- Paper: Scalable-Softmax Is Superior for Attention
- Link: https://arxiv.org/abs/2501.19399
- Why read: Was referenced in Lamma 4
Additionally, we employ inference time temperature scaling of attention to enhance length generalization
Map:
Motivation:
- Paper enhances softmax within attention blocks as a mean to improve context length generalization.
- Solves the
Attention fading
problem: as the size of the input grows, softmax scores flatten, hence, poorly detects important tokens.
Details:
For an input vector \(z\) of size \(n\), Softmax is defined as follows:
\[z_i \mapsto \frac{e^{z_i}}{\sum_{j=1}^{n} e^{z_j}}\]The proposed Scalable Softmax (SSMax):
\[z_i \mapsto \frac{n^{s z_i}}{\sum_{j=1}^{n} n^{s z_j}} = \frac{e^{(s \log n) z_i}}{\sum_{j=1}^{n} e^{(s \log n) z_j}},\]with \(s\) being “the” scalar parameter (a learned one per head/layer).

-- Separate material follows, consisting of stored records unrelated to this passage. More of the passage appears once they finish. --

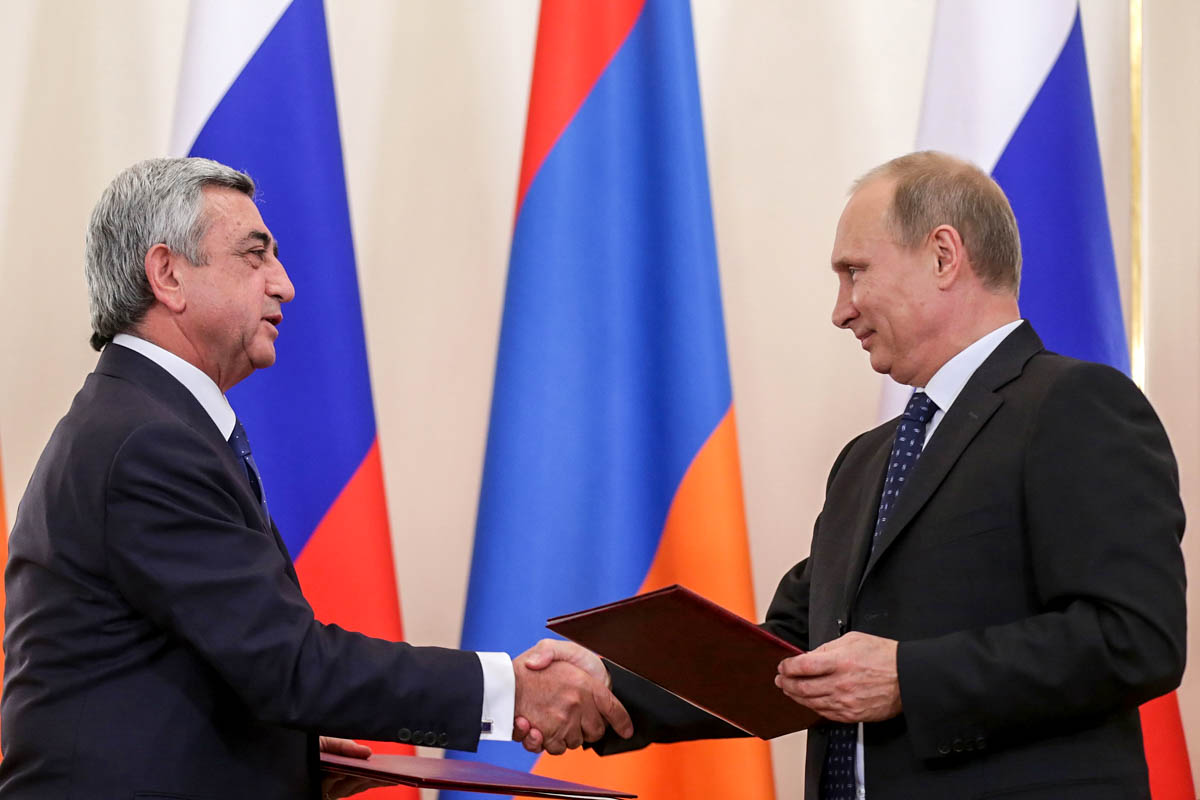 Rusiya və Ermənistan Dağlıq Qarabağ münaqişəsini müzakirə edəcəklər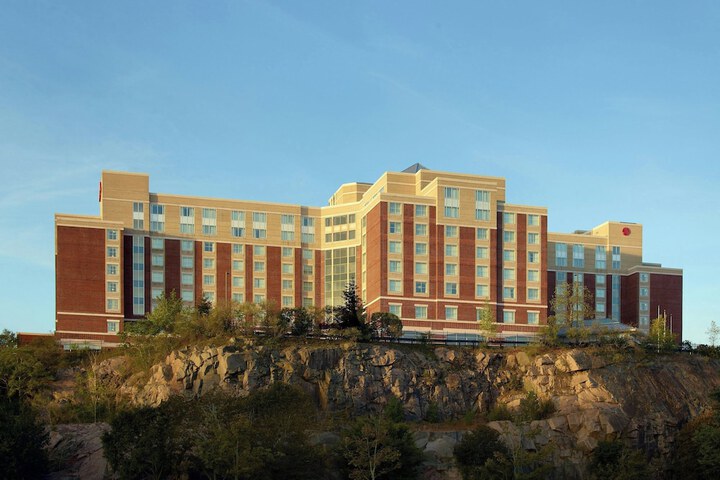 Marriott Boston Quincy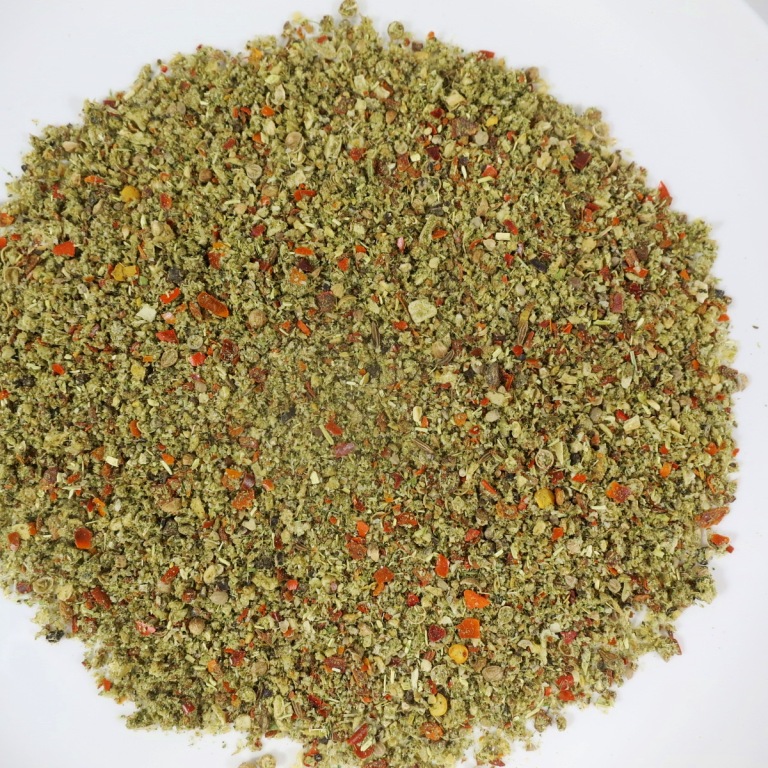 Bratkartoffelgewürz BIO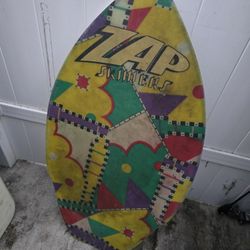 Skimboard Vintage 1980s
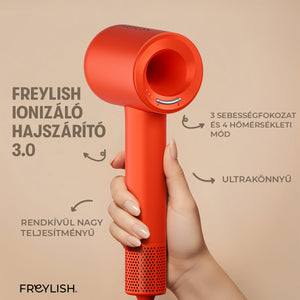 3.0-ÁS IONOS HAJSZÁRITÓ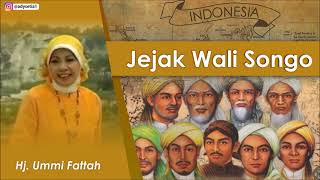 Download lagu Jejak Wali Songo   Syiiran Wali Songo Hj  Ummi Fattah mp3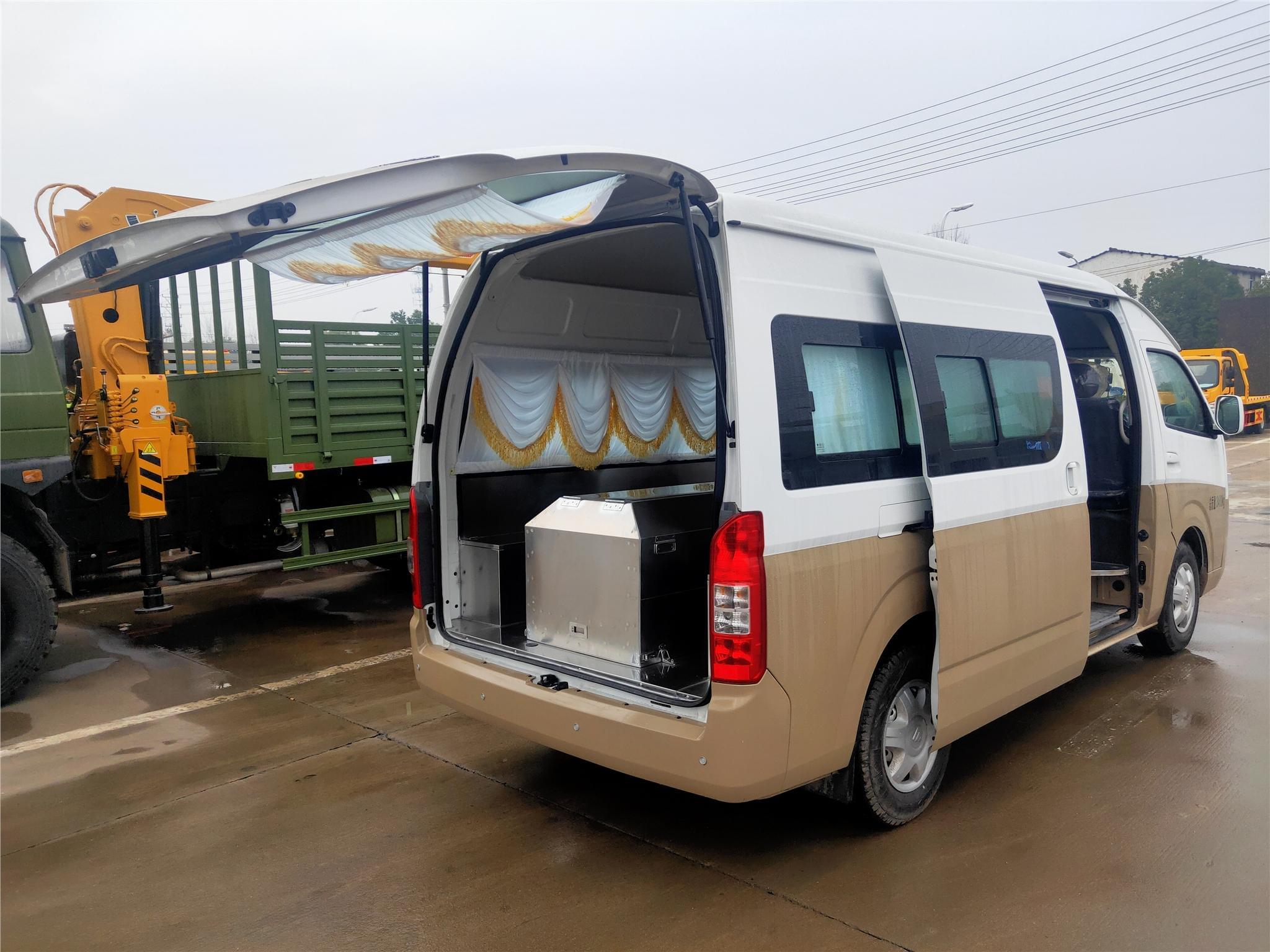 海东骨灰盒运输-安全护送，让思念延续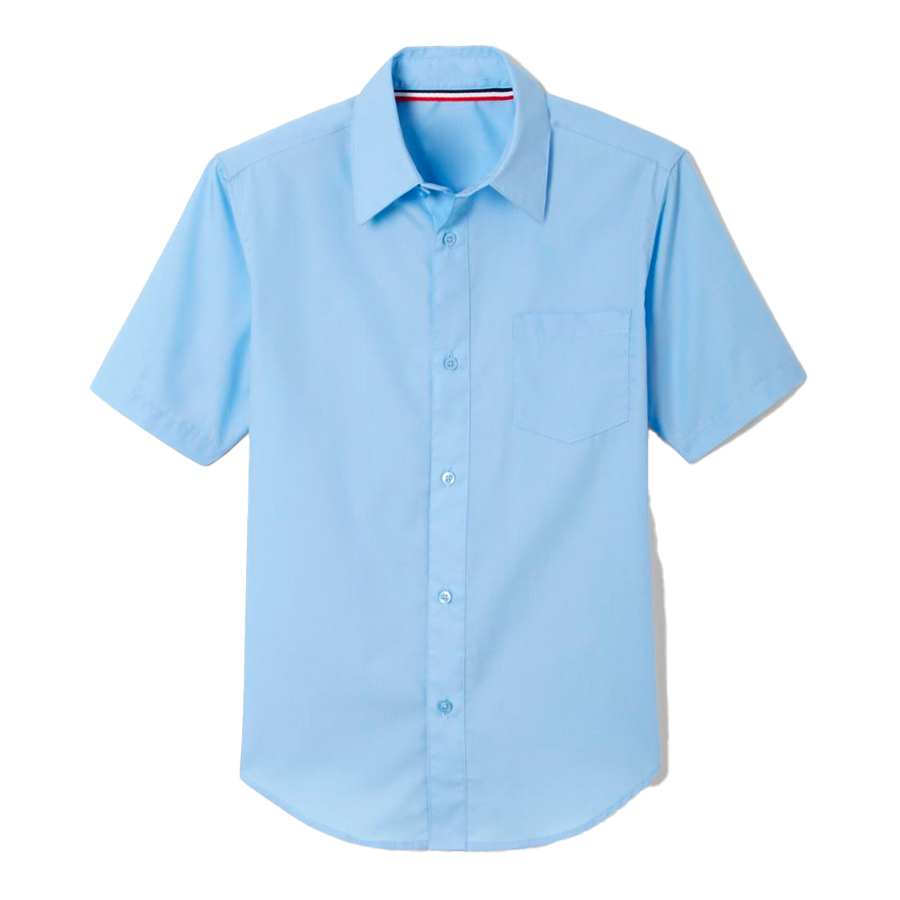 Miniatura: Short Sleeve Button Down Shirts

- In the new formulation of SSMax, the exponential depends on \(n\) as well, i.e., even if the input size grows, the nominator also follows.
How?
Experimentally set the softmax for all layers/heads for each input size \(n\) as:
\[z_i \mapsto \frac{e^{(sp_n+b)z_i}}{\sum_{j=1}^{n} e^{(sp_n+b)z_j}},\]with \(s\), \(b\) being learnable parameters per layer/head, and \({p_n}\) learnable but shared between all layers/heads, and depending only on context size \(N\).
Experimentally they noticed that \(p_n\) follows a logarithmic scale: \(p_n \approx a_n \log(n) + b_n\). They decided to drop the \(\{b_n\}_n\) and only learn the \(\{a_n\}_n\) per head/layer.